DEQ: Swamp water source of rank odor

GONZALES — A stinky smell reported from Bayou Manchac last week stems from stagnant swamp water in Spanish Lake that heavy rains pushed into the bayou, state environmental regulators said Monday.

Rodney Mallett, Louisiana Department of Environmental Quality spokesman, said in an email Monday that inspectors reached that conclusion “by tracking the flow of the water, visual observations and some field parameters.”

“We did confirm that the odoriferous water as stagnated water washed through Alligator Bayou to Bayou Manchac due to excessive rains,” Mallett wrote.

The same phenomenon has occurred a few times a year for the past three to four years, DEQ officials say.
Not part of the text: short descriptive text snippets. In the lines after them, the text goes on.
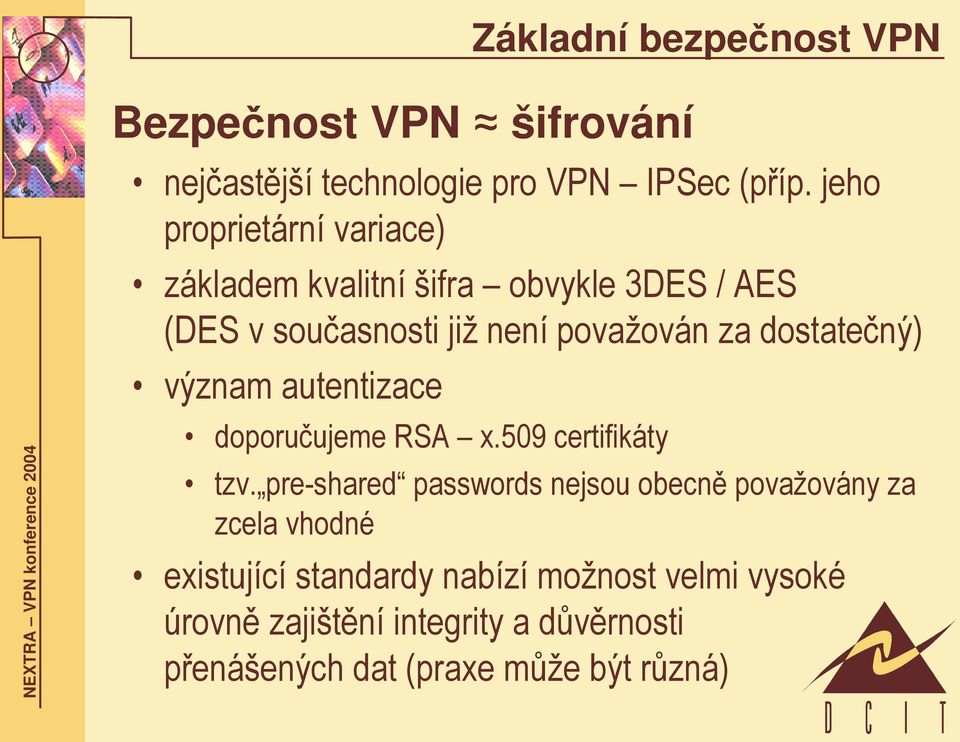 dostatečný) význam autentizace doporučujeme RSA x.509 certifikáty tzv.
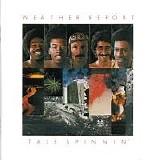 Weather Report - Tale Spinnin'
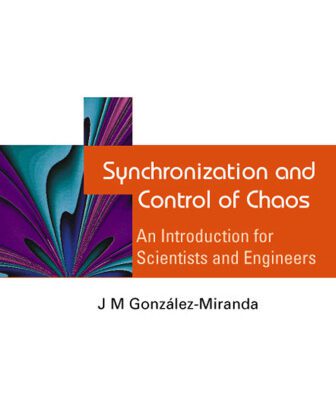 خرید و دانلود نسخه کامل کتاب Synchronization and Control of Chaos: An Introduction for Scientists and Engineers
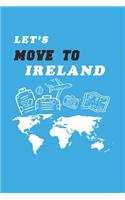 Let's Move To Ireland Notebook Birthday Gift: Lined Notebook / Journal Gift, 120 Pages, 6x9, Soft Cover, Matte Finish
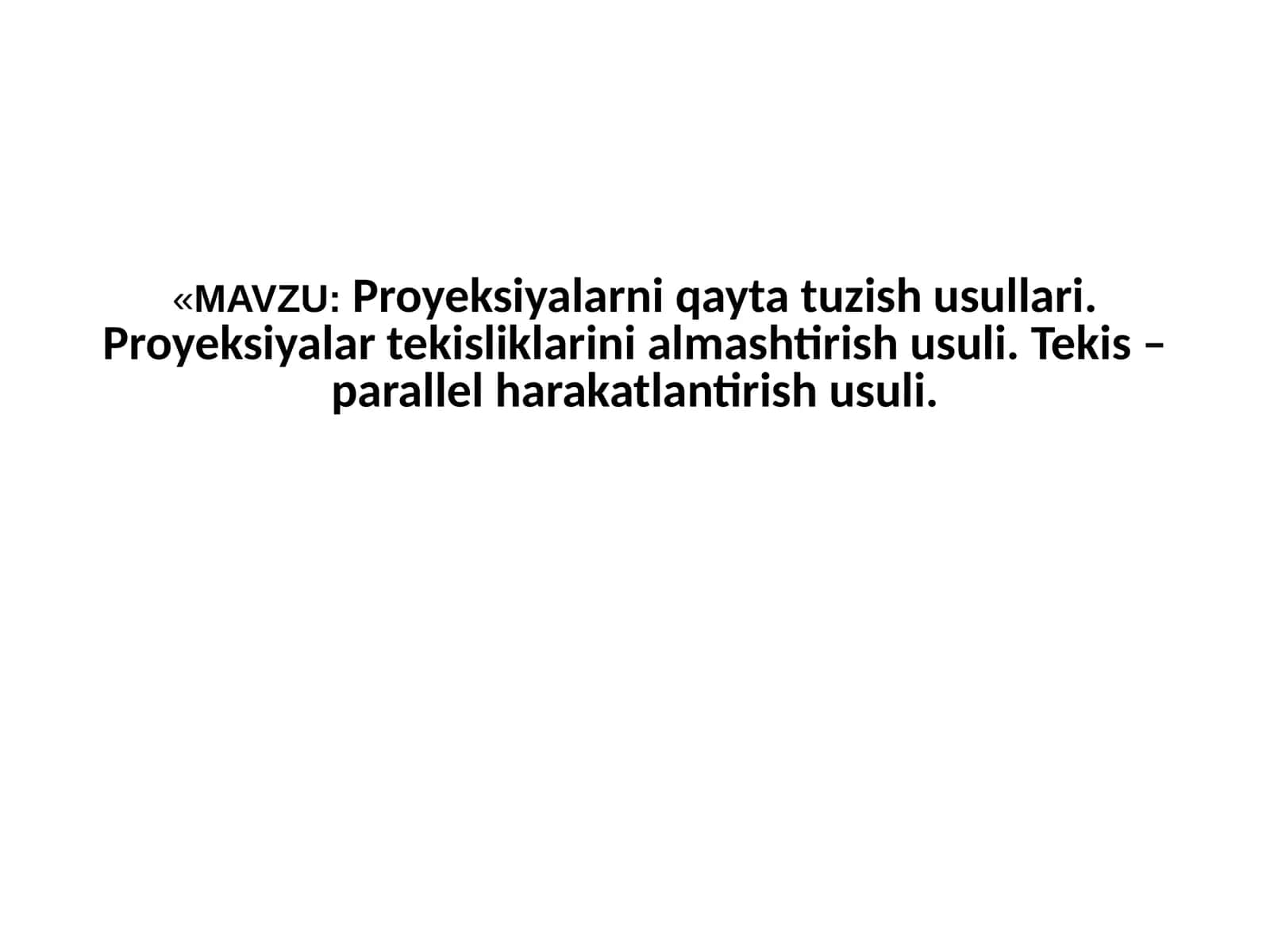 Proyeksiyalarni qayta tuzish usullari. Proyeksiyalar tekisliklarini almashtirish usuli. Tekis – parallel harakatlantirish usuli.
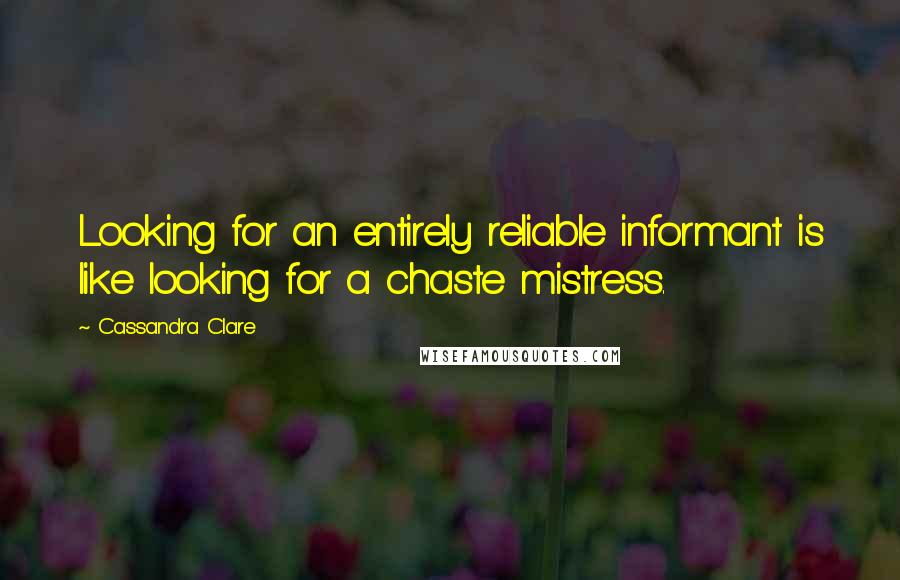 Cassandra Clare Quotes: Looking for an entirely reliable informant is like looking for a chaste mistress.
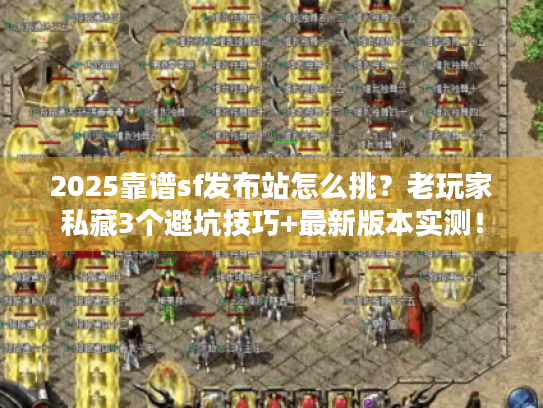 2025靠谱sf发布站怎么挑？老玩家私藏3个避坑技巧+最新版本实测！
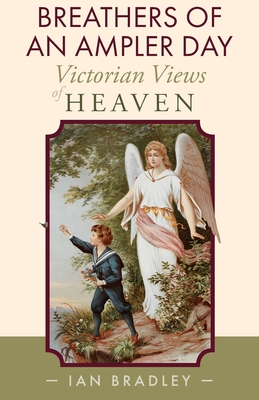 Breathers of an Ampler Day: Victorian Views of Heaven - Ian Bradley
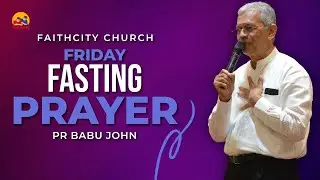 Faithcity Church - Friday Fasting Prayer | Pastor Babu John | 12 December 2025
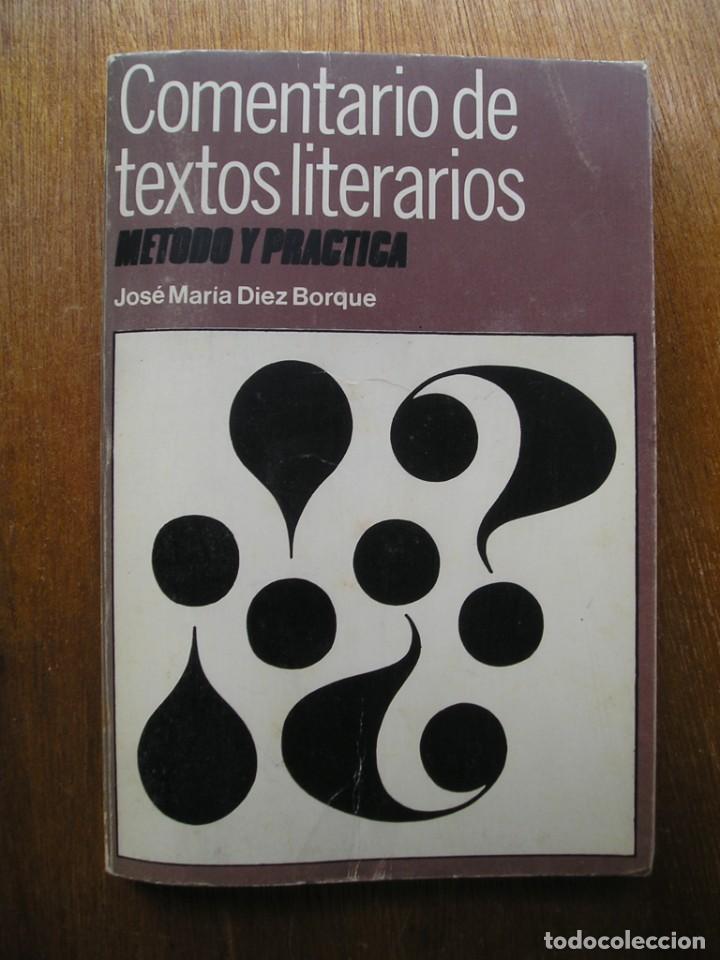 Libri di seconda mano: COMENTARIO DE TEXTOS LITERARIOS, METODO Y PRACTICA, JOSE MARIA DIEZ BORQUE, EDITORIAL PLAYOR
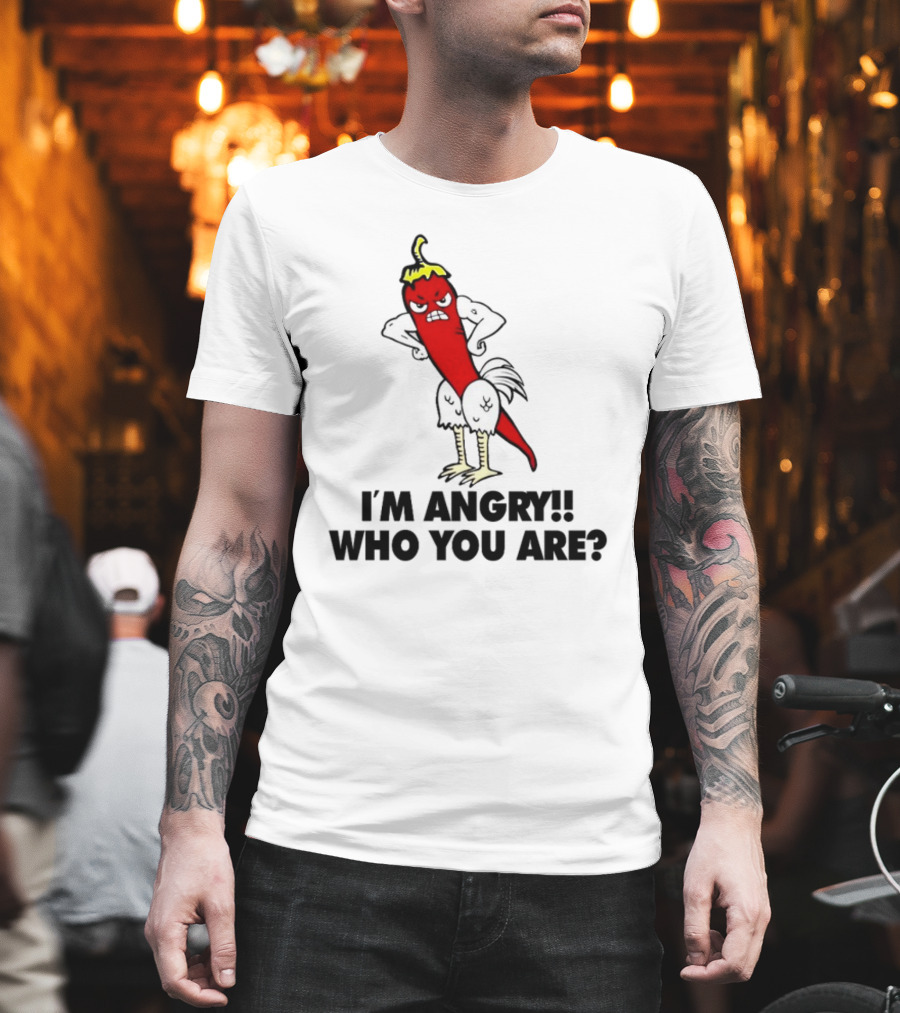 I'm Angry Who You Are? Chili Pepper Chicken Hybrid T-Shirt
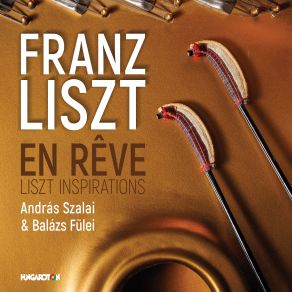 En Rêve: Liszt Inspirations album cover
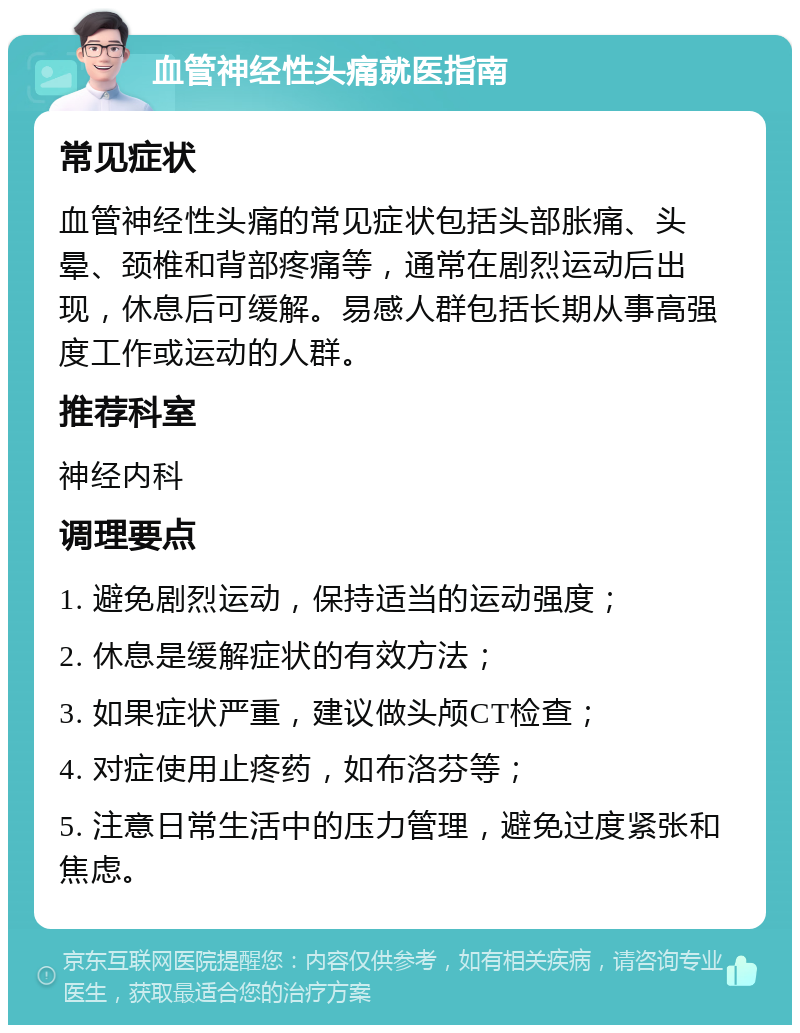 血管神经性头痛就医指南 常见症状 血管神经性头痛的常见症状包括头部胀痛、头晕、颈椎和背部疼痛等，通常在剧烈运动后出现，休息后可缓解。易感人群包括长期从事高强度工作或运动的人群。 推荐科室 神经内科 调理要点 1. 避免剧烈运动，保持适当的运动强度； 2. 休息是缓解症状的有效方法； 3. 如果症状严重，建议做头颅CT检查； 4. 对症使用止疼药，如布洛芬等； 5. 注意日常生活中的压力管理，避免过度紧张和焦虑。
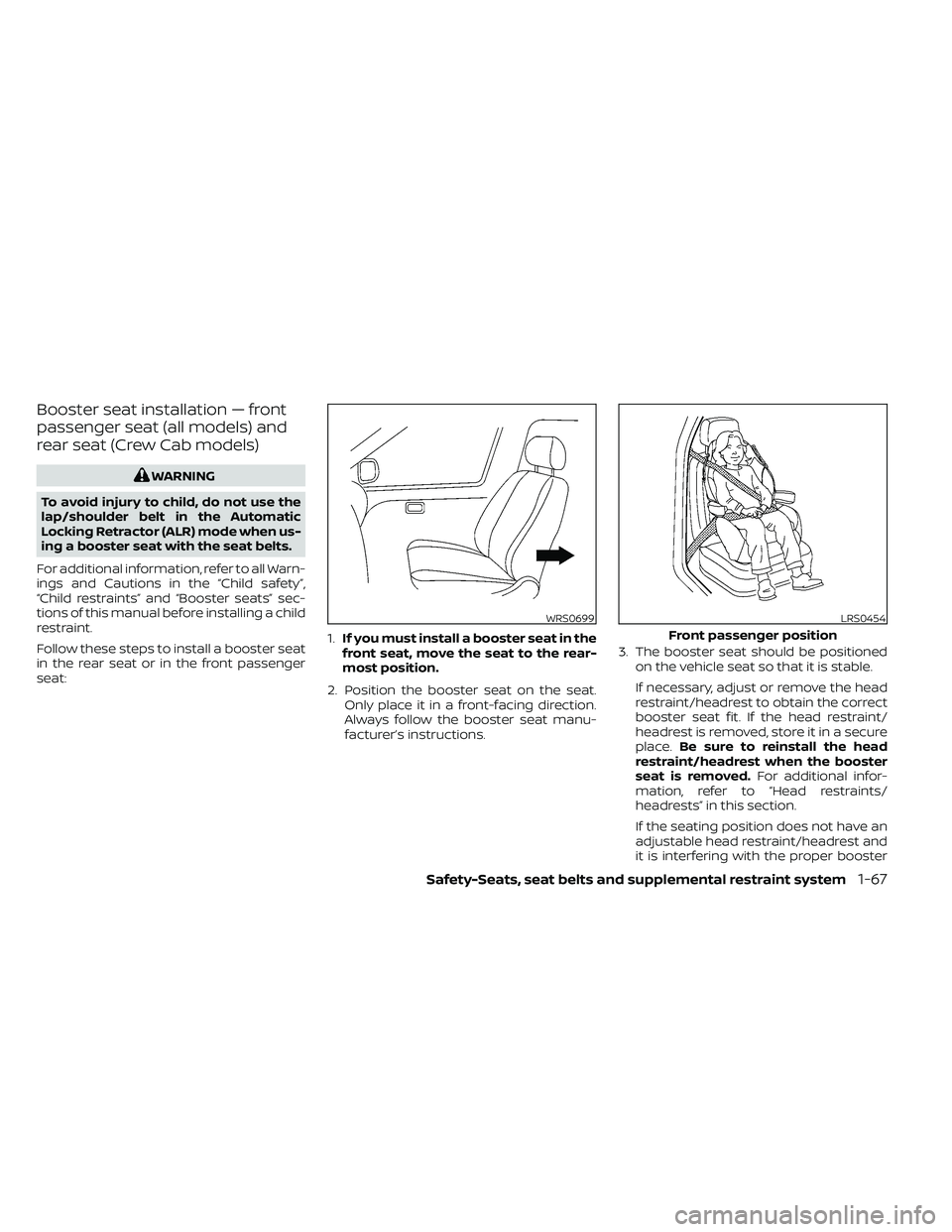 NISSAN FRONTIER 2020 Owner´s Manual Booster seat installation — front
passenger seat (all models) and
rear seat (Crew Cab models)
WARNING
To avoid injury to child, do not use the
lap/shoulder belt in the Automatic
Locking Retractor (A NISSAN FRONTIER 2020 Owner´s Manual Booster seat installation — front
passenger seat (all models) and
rear seat (Crew Cab models)
WARNING
To avoid injury to child, do not use the
lap/shoulder belt in the Automatic
Locking Retractor (A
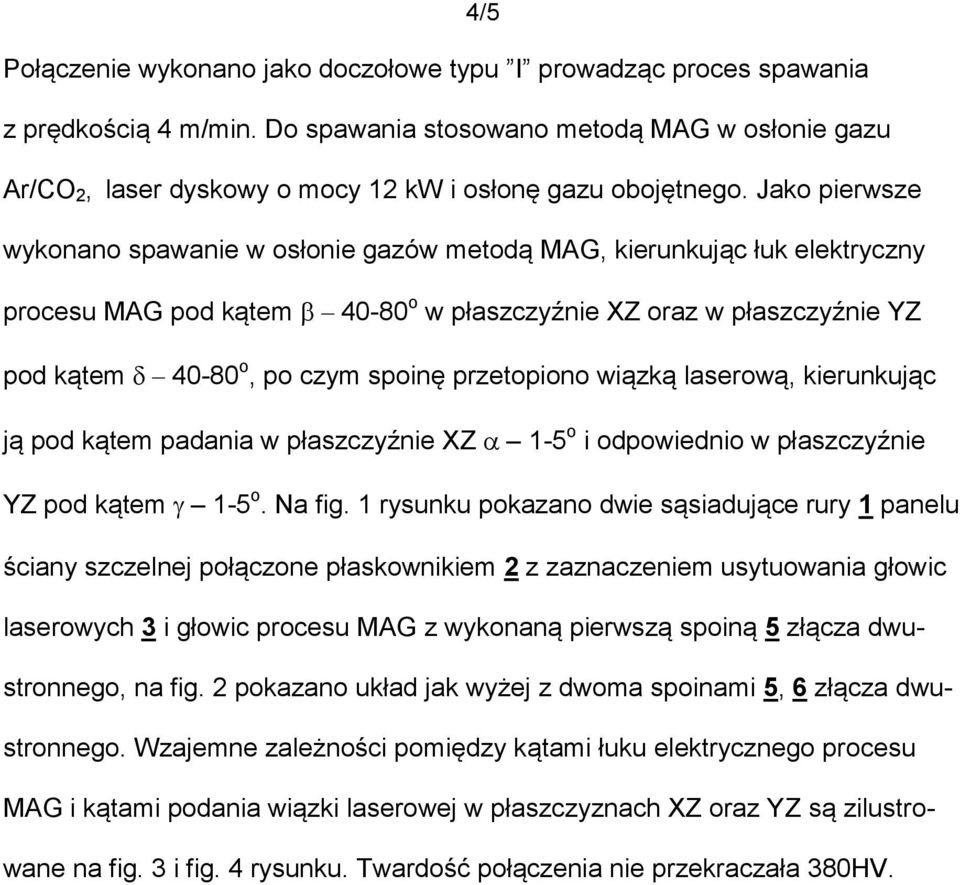 Jako pierwsze wykonano spawanie w osłonie gazów metodą MAG, kierunkując łuk elektryczny procesu MAG pod kątem 40-80 o w płaszczyźnie XZ oraz w płaszczyźnie YZ pod kątem 40-80 o, po czym spoinę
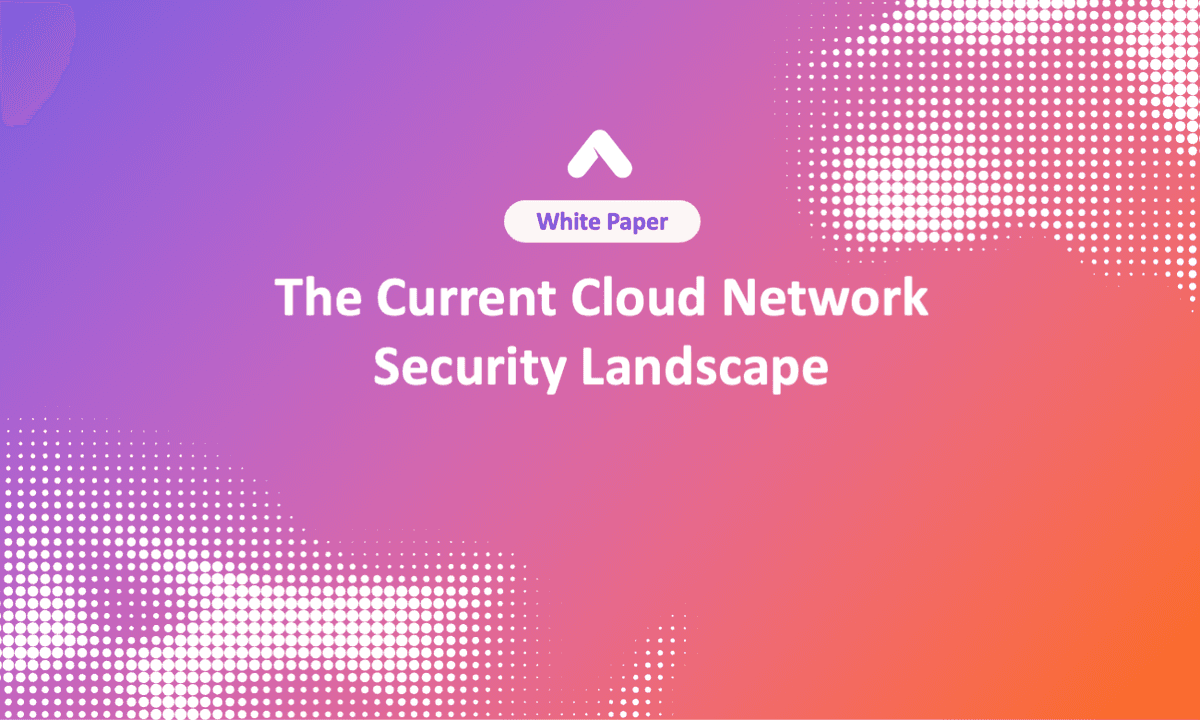The Current Cloud Network Security Landscape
Alligator Bayou drains Spanish Lake into Bayou Manchac through a floodgate in Iberville Parish. The bayou runs along the borders of East Baton Rouge, Ascension and Iberville parishes to the Amite River.

On Monday, Jonathan Scott, president of Bayou Manchac Group, a group tracking the bayou’s health disputed DEQ’s conclusions.

He said what he smelled on the bayou has the distinct odor of wastewater. He said he plans to try to find the source of what he believes is a sewer overflow after the next major rain.

“It’s just disheartening. It’s going to continue until the residents go and find the leak,” said Scott, an environmental engineer who also is a certified wastewater treatment operator for the petrochemical industry.

The DEQ officials said few plants discharge into the basin, but Scott provided a list of more than 100 plants with discharges that he said ultimately wind up in the basin.